What is required: The copy you print must match the listing exactly, with its pictures removed.

Dataset extract:
........

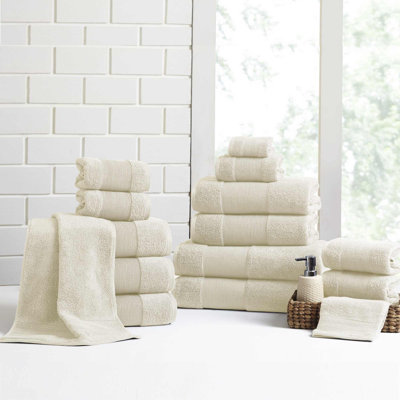 Modern Threads - Ensemble de serviettes en coton 100% zéro torsion 18 pièces Air Cloud - Serviettes de bain, débarbouillettes et débarbouillettes - Super absorbant et séchage rapide - 500 g / m² - Doux et moelleux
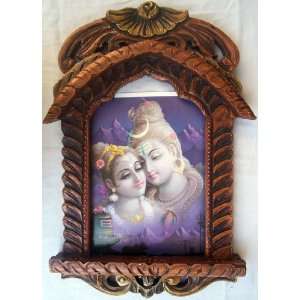 Lord Shiva & Maa Parvati with shivling in Himalayas poster painting in 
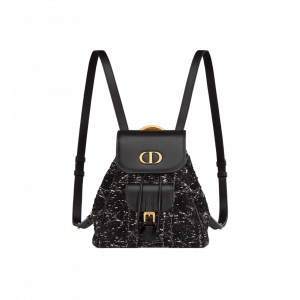 디올 카로 스몰 백팩 블랙 트위드 & 화이트 까나쥬 모티브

........

Solved exercise:
 Modern Threads - Ensemble de serviettes en coton 100% zéro torsion 18 pièces Air Cloud - Serviettes de bain, débarbouillettes et débarbouillettes - Super absorbant et séchage rapide - 500 g / m² - Doux et moelleux
 Lord Shiva & Maa Parvati with shivling in Himalayas poster painting in 
 디올 카로 스몰 백팩 블랙 트위드 & 화이트 까나쥬 모티브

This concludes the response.